Work required =
Every record below must be copied exactly, with images dropped.

Data shown =
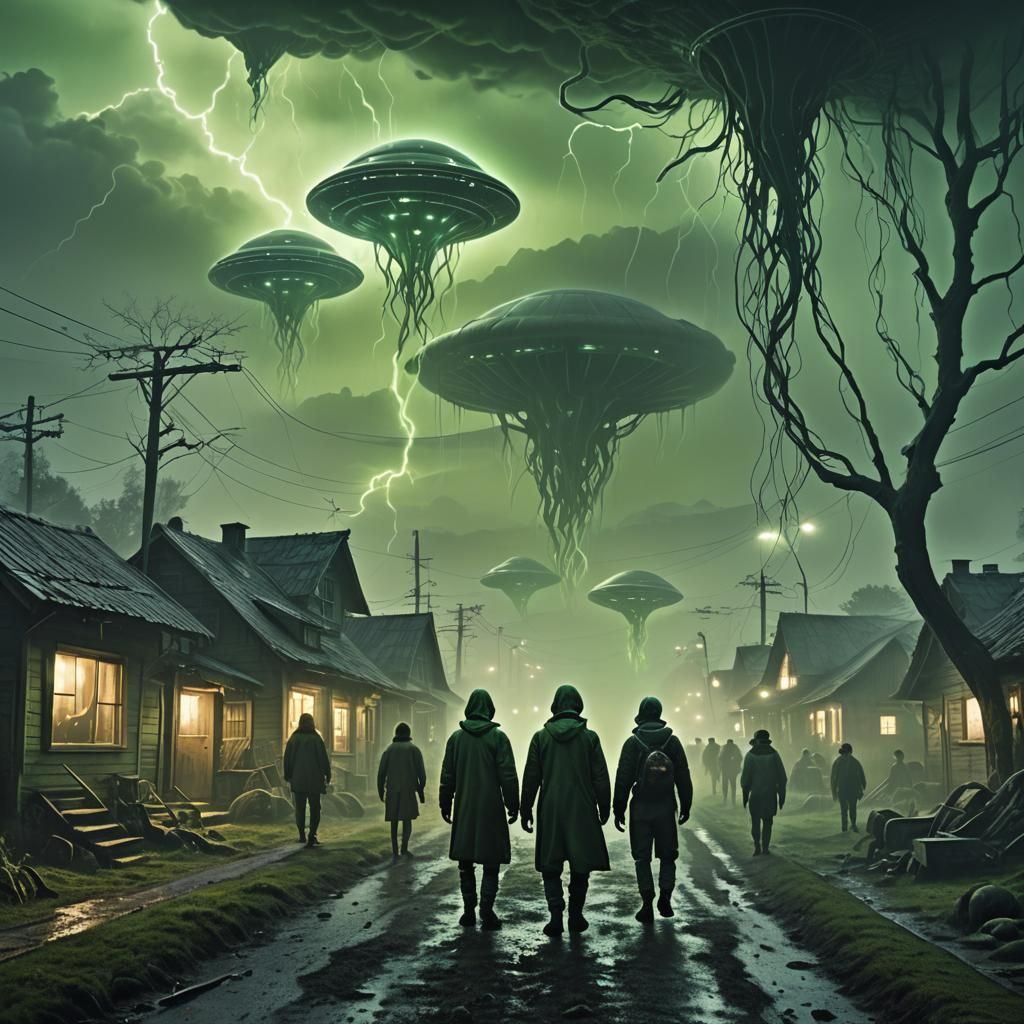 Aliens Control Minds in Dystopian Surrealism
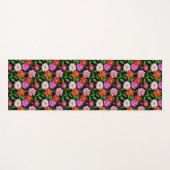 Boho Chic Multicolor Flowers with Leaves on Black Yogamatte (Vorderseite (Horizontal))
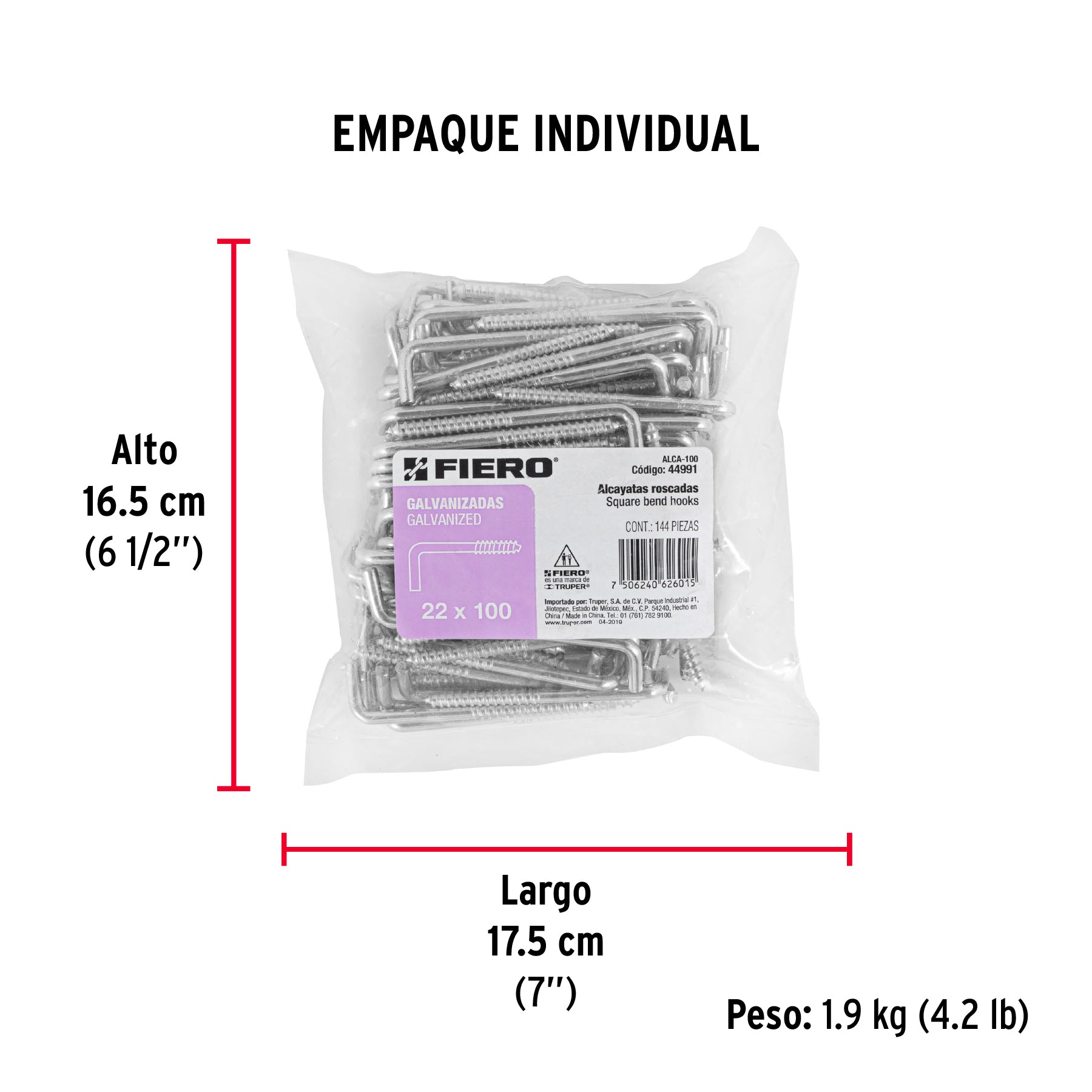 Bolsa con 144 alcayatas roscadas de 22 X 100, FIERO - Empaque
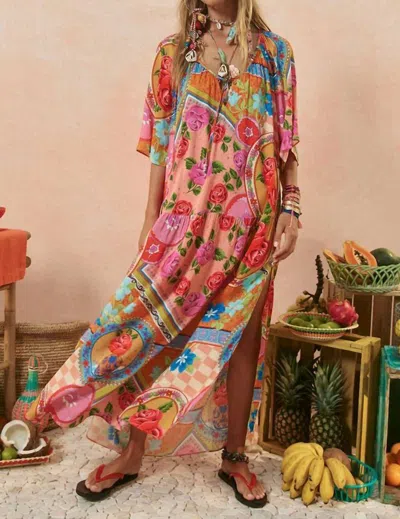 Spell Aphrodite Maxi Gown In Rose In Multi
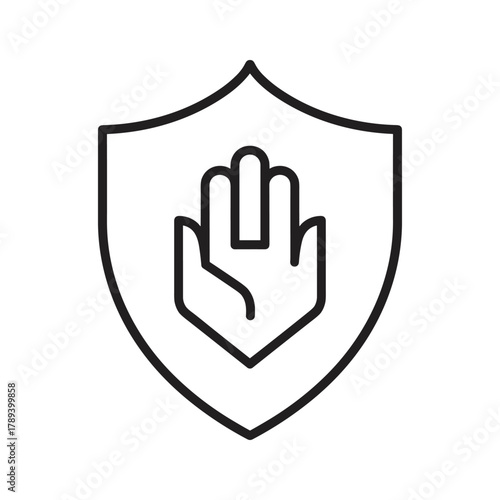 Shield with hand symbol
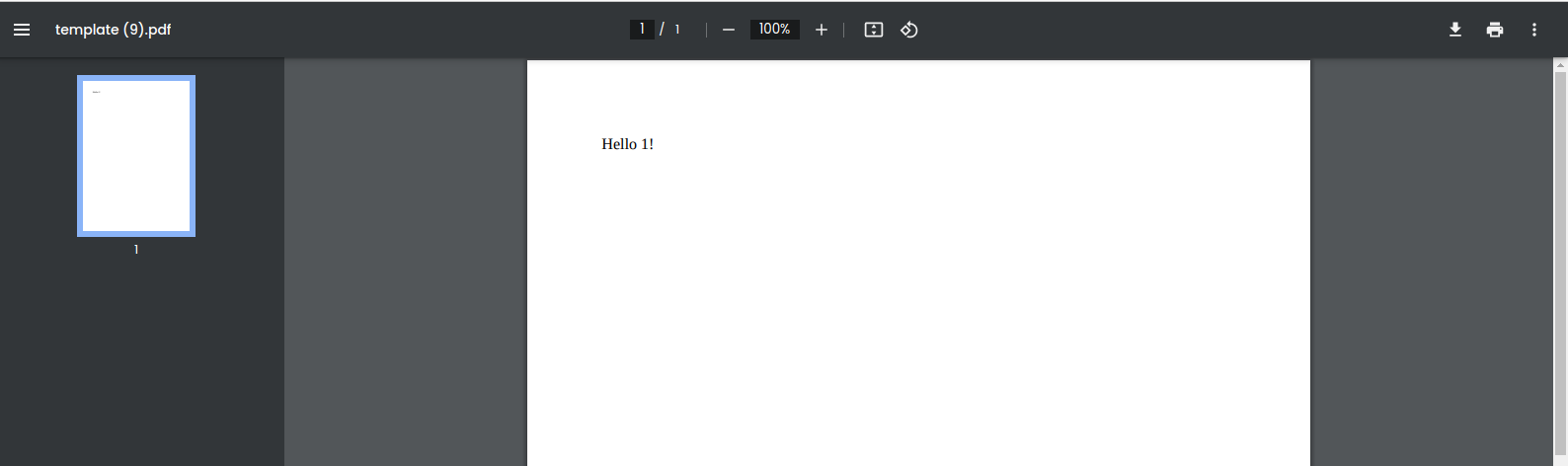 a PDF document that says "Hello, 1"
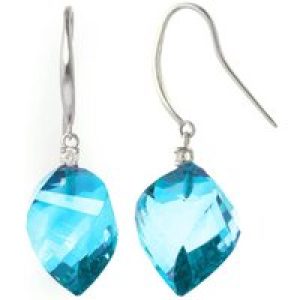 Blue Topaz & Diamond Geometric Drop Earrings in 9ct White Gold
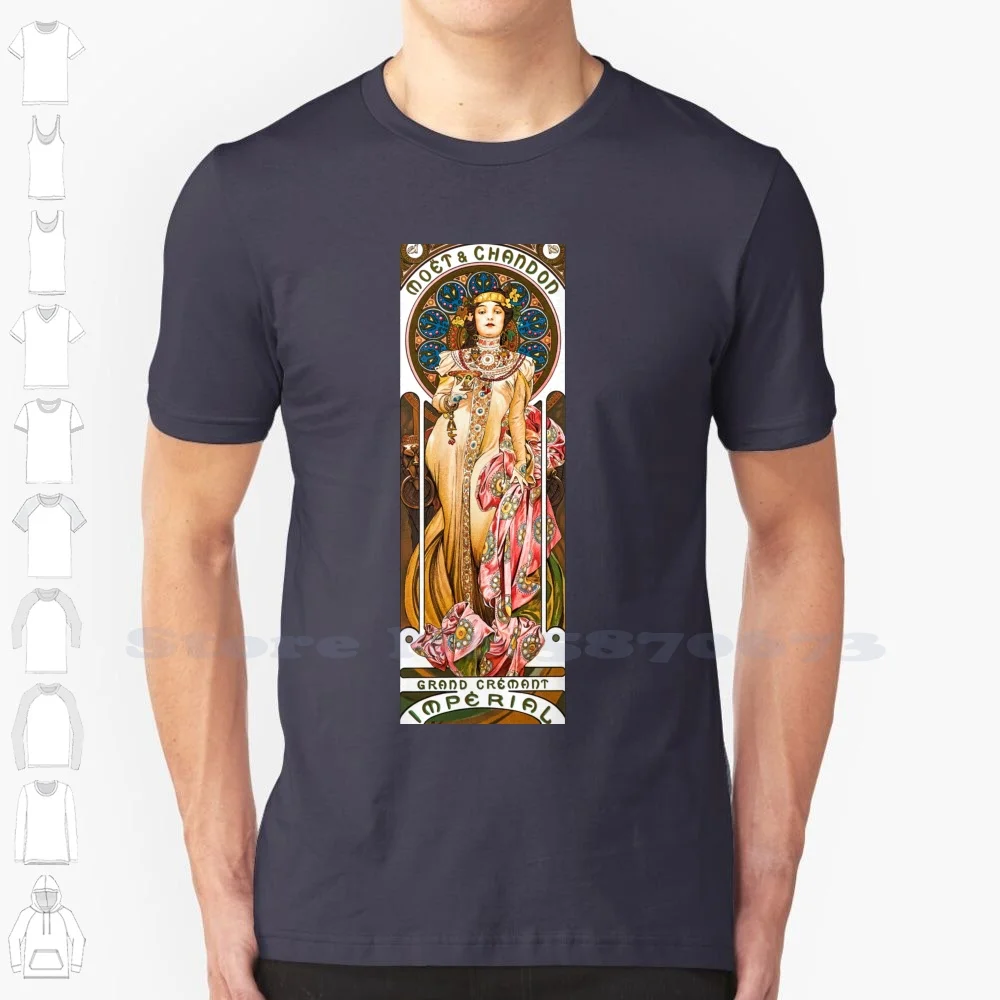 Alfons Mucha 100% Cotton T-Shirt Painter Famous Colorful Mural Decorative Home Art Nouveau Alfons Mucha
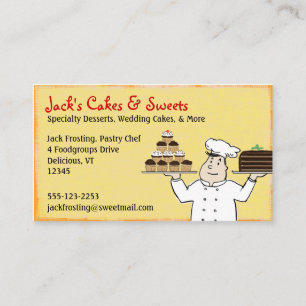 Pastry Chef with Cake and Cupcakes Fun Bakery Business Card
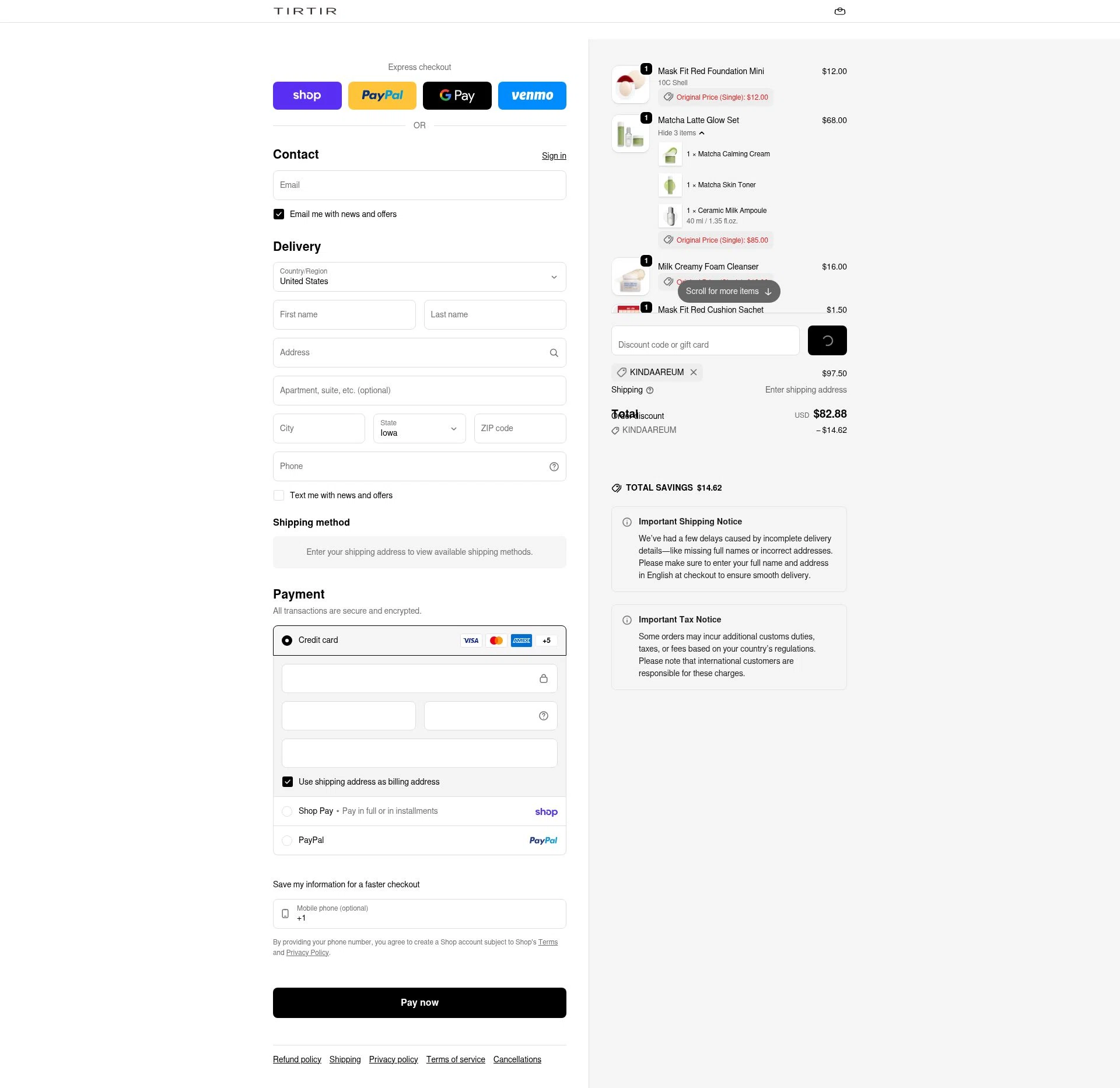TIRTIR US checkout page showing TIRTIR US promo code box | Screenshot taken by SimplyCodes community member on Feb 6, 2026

Answer section =
 Aliens Control Minds in Dystopian Surrealism
 Boho Chic Multicolor Flowers with Leaves on Black Yogamatte (Vorderseite (Horizontal))
 Bolsa con 144 alcayatas roscadas de 22 X 100, FIERO - Empaque
 Spell Aphrodite Maxi Gown In Rose In Multi
 Shield with hand symbol
 a PDF document that says "Hello, 1"
 Blue Topaz & Diamond Geometric Drop Earrings in 9ct White Gold
 Alfons Mucha 100% Cotton T-Shirt Painter Famous Colorful Mural Decorative Home Art Nouveau Alfons Mucha
 Pastry Chef with Cake and Cupcakes Fun Bakery Business Card
TIRTIR US checkout page showing TIRTIR US promo code box | Screenshot taken by SimplyCodes community member on Feb 6, 2026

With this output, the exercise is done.